Then we can inspect the generated response to review the settings chosen by Autotune on our behalf.

If the current tuning job settings are not satisfactory, you can stop the tuning job:

hp_tuner.stop()

Conclusion

SageMaker Automatic Model Tuning allows you to reduce the time to tune a model by automatically searching for the best hyperparameter configuration within the ranges that you specify. However, choosing the right hyperparameter ranges can be a time-consuming process and can have direct implications on your training cost and duration.

In this post, we discussed how you can now use Autotune, a new feature introduced as part of automatic model tuning, to automatically pick an initial set of hyperparameter ranges on your behalf. This can reduce the time it takes for you to get started with your model tuning process. Additionally, you can evaluate the ranges picked by Autotune and adjust them according to your needs.

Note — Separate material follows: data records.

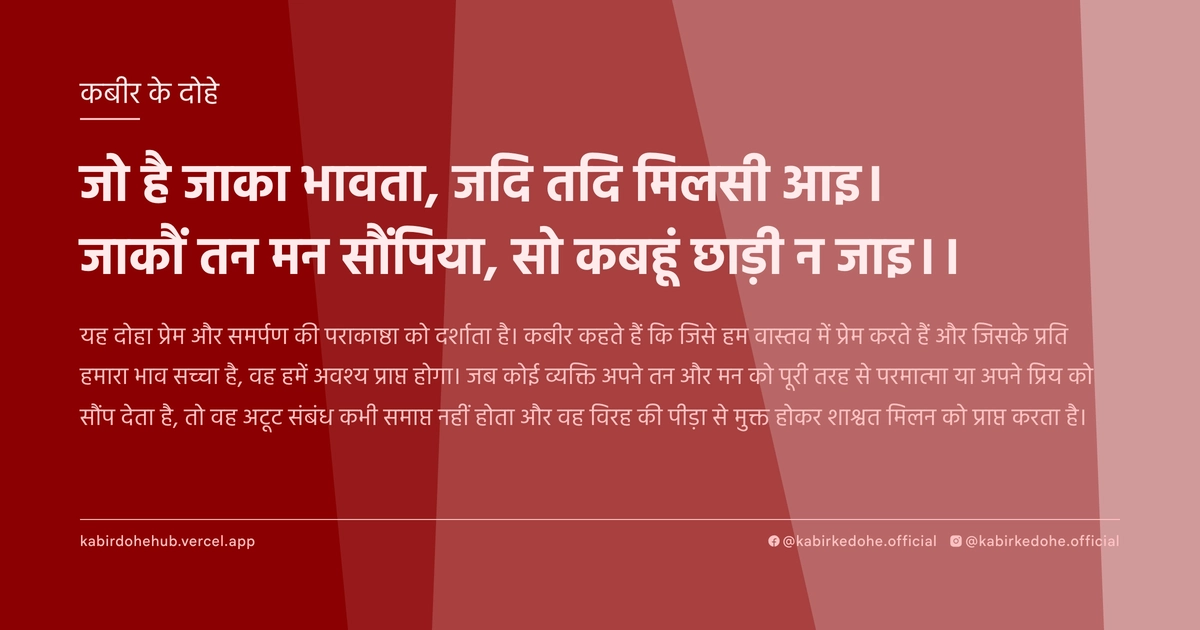 जो है जाका भावता, जदि तदि म‍िलसी आइ। जाकौं तन मन सौंपिया, सो कबहूं छाड़ी न जाइ।।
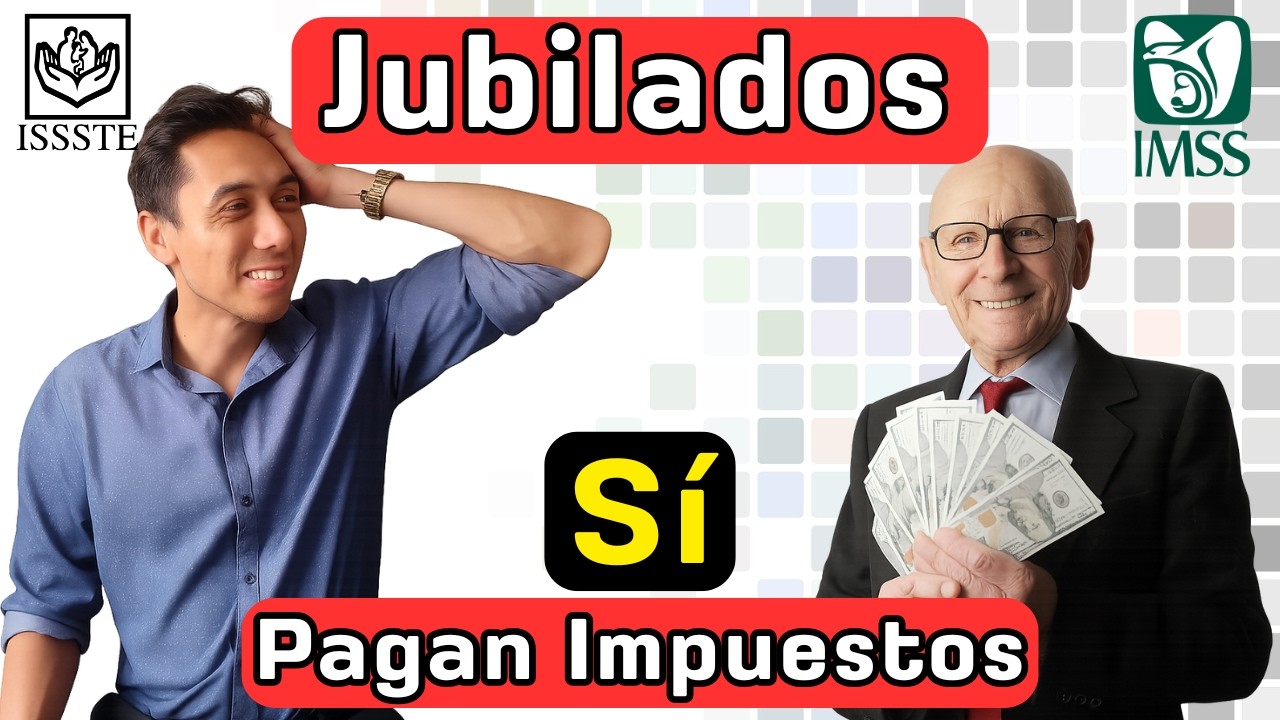 JUBILADOS O PENSIONADOS Declaración Anual ISR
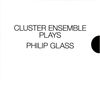 Philip Glass: Cluster Ensemble plays Philip Glass, CD,CD,CD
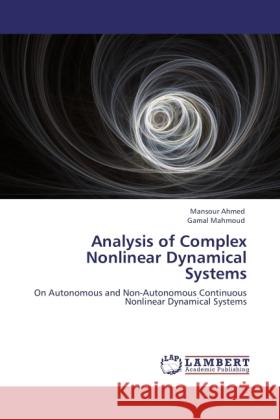 Analysis of Complex Nonlinear Dynamical Systems Ahmed, Mansour, Mahmoud, Gamal 9783846502730 LAP Lambert Academic Publishing - książka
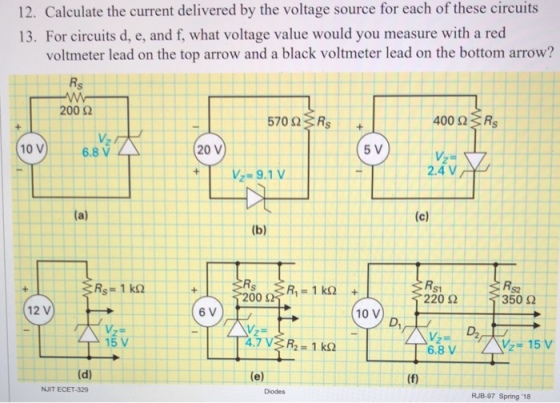 12. Calculate the current delivered by the voltage source for each of these circuits 13. For circuits d, e, and f, what voltage value would you measure with a red voltmeter lead on the top arrow and a black voltmeter lead on the bottom arrow? 200 2 570 Ω :: Rs V2 10V6.8 V 20 V 5 V 9.1V 2.4 V 220 Ω 350 Ω 12 V 10 V D2 6.8 V NJIT ECET-329 RJB-97 Spring 18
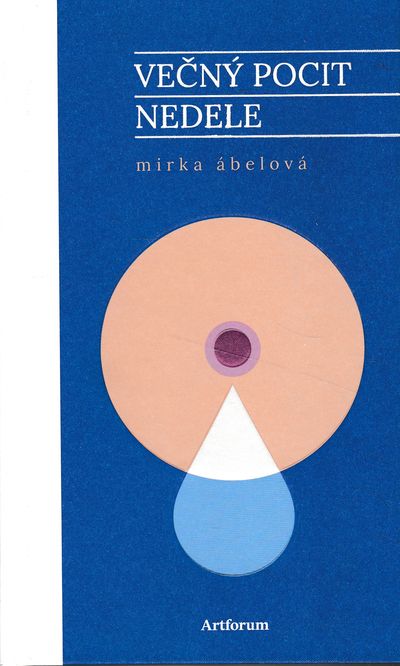 vecny pocit nedele abelova mirka vecny pocit nedele abelova mirka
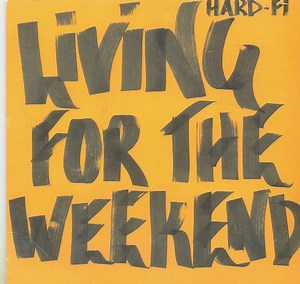 Hard-Fi - Living For The Weekend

We also showed how Autotune can automatically pick the optimal parameter settings on your behalf, such as the number of training jobs, the strategy to choose the hyperparameter combinations, and enabling early stopping by default. This can result in significantly optimized budget and time bounds that are easily predictable.

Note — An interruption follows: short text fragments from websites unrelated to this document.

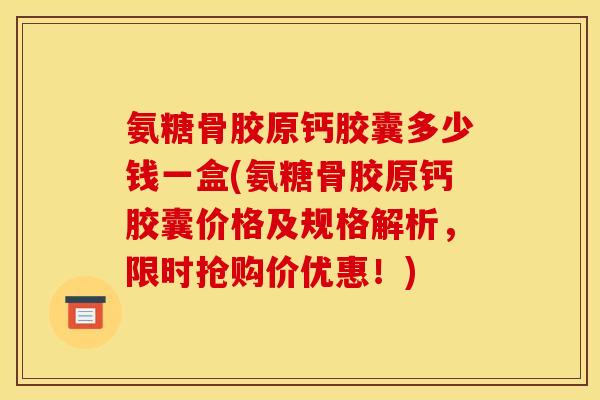 氨糖骨胶原钙胶囊多少钱一盒(氨糖骨胶原钙胶囊价格及规格解析，限时抢购价优惠！)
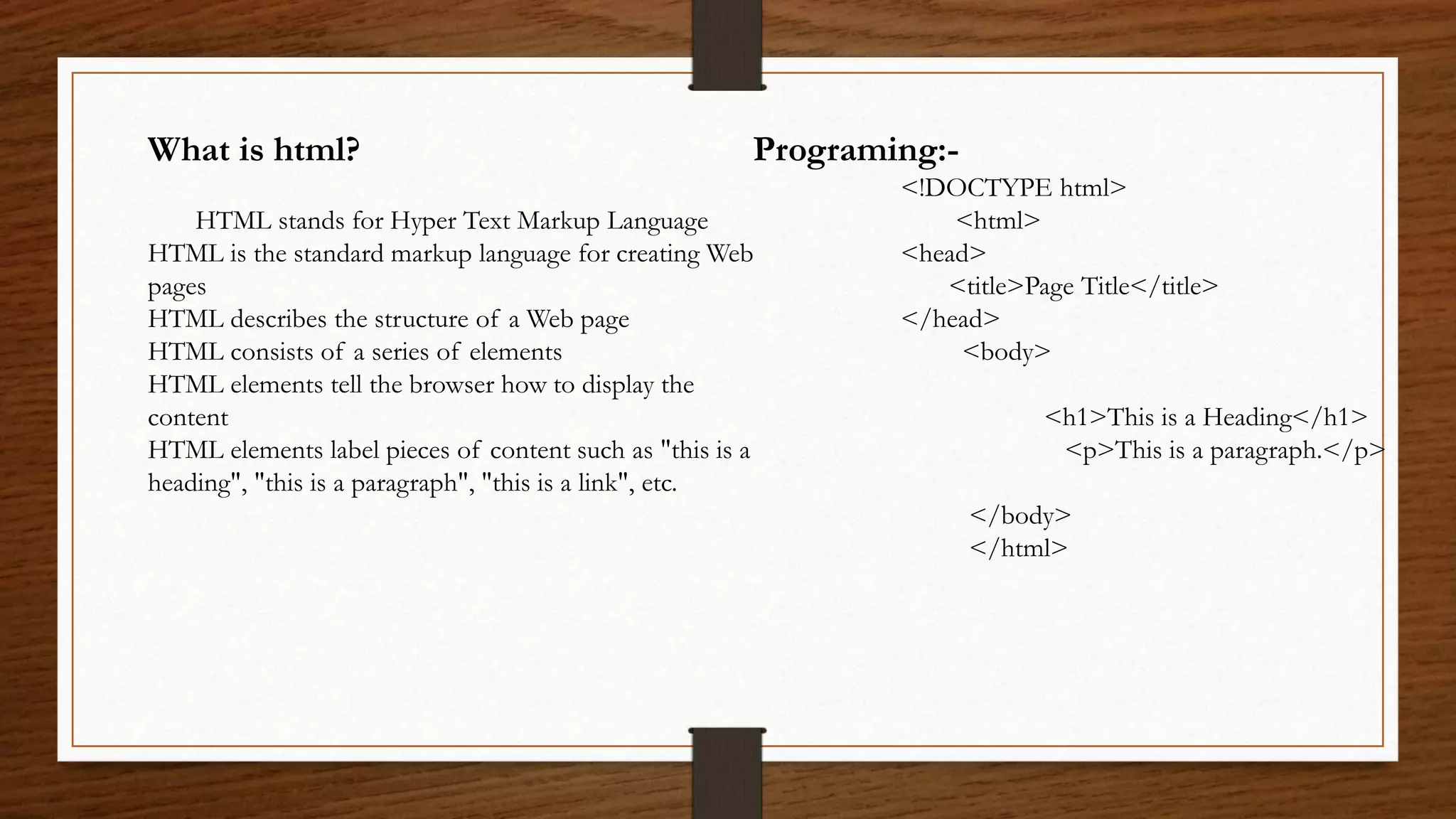 What is html?
HTML stands for Hyper Text Markup Language
HTML is the standard markup language for creating Web
pages
HTML describes the structure of a Web page
HTML consists of a series of elements
HTML elements tell the browser how to display the
content
HTML elements label pieces of content such as "this is a
heading", "this is a paragraph", "this is a link", etc.
Programing:-
<!DOCTYPE html>
<html>
<head>
<title>Page Title</title>
</head>
<body>
<h1>This is a Heading</h1>
<p>This is a paragraph.</p>
</body>
</html>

To learn more, refer to Perform Automatic Model Tuning with SageMaker.


About the Authors

Jas Singh is a Senior Solutions Architect helping public sector customers achieve their business outcomes through architecting and implementing innovative and resilient solutions at scale. Jas has over 20 years of experience in designing and implementing mission-critical applications and holds a master’s degree in computer science from Baylor University.

Gopi Mudiyala is a Senior Technical Account Manager at AWS. He helps customers in the Financial Services industry with their operations in AWS. As a machine learning enthusiast, Gopi works to help customers succeed in their ML journey. In his spare time, he likes to play badminton, spend time with family, and travel.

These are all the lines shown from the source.